A idéia de “Auto da Paixão” surgiu quando Lima teve de criar uma encenação para a vernissage de uma exposição sua, realizada em maio. As três noites de apresentação se transformaram em sete, por causa da grande procura. Limam, então, decidiu montar uma companhia com As Pastorinhas, um coro formado por 12 meninas.
Elas percorrem 12 retábulos/esculturas de lima que representam a Paixão de Cristo, com narração (feita pelo próprio autor) e cânticos sobre a vida de Jesus. O espetáculo recria procissões, reisados e pastoris, resgatando o espírito da festa popular nordestina, combinando sagrado e profano.

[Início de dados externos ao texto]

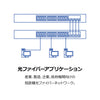 10GBASE-SR SFP+ マルチモードLCモジュール(300m/DDM)<br><b>TEG-10GBSR</b>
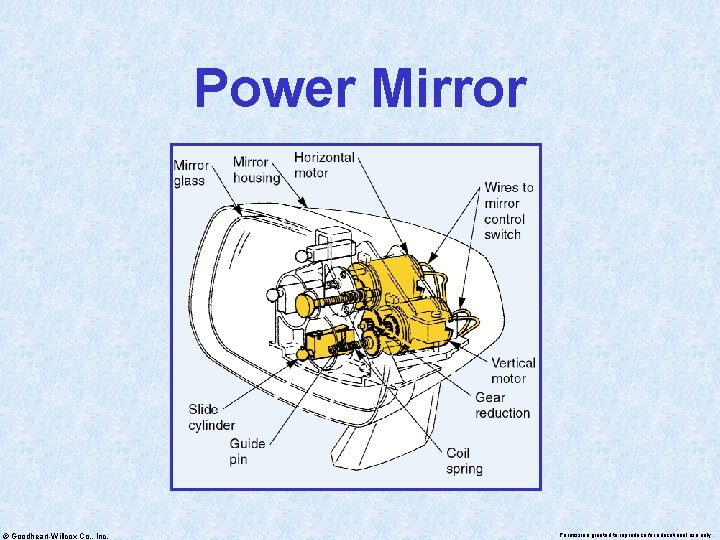 Power Mirror © Goodheart-Willcox Co. , Inc. Permission granted to reproduce for educational use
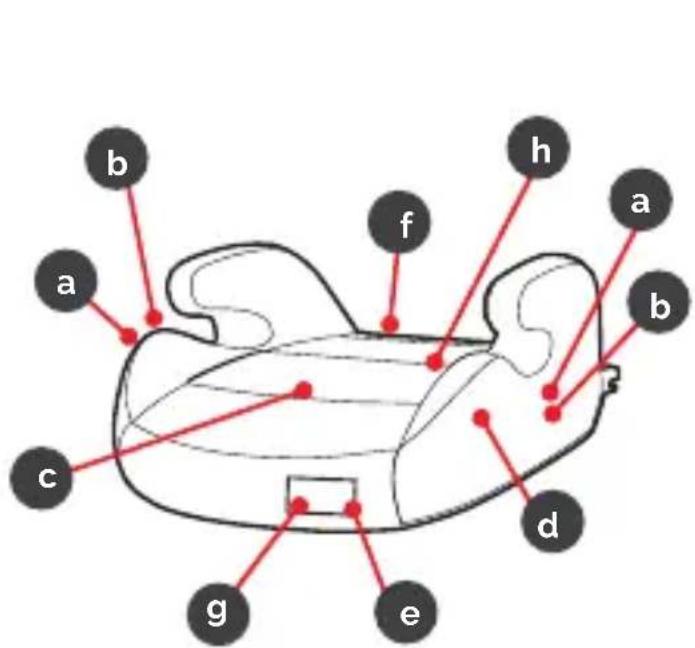 Osann Marty Klimax - CONTENIDO DE LA ENTREGA - 1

“Auto da Paixão” é como uma procissão. O público acompanha o coro que percorre as obras de Lima, instaladas em pontos diferentes do galpão Brincante, uma cria de Nóbrega, em plena Capital. Guardadas as devidas proporções, a polêmica peça encenada na Igreja Santa Ifigênia.
O espetáculo de Romero de Andrade Lima só é prejudicado pelo excesso de espectadores. As cem pessoas tornam a movimentação das pastorinhas um tanto tensa. A cada cena, elas são obrigadas a se espremer entre o público para se deslocar.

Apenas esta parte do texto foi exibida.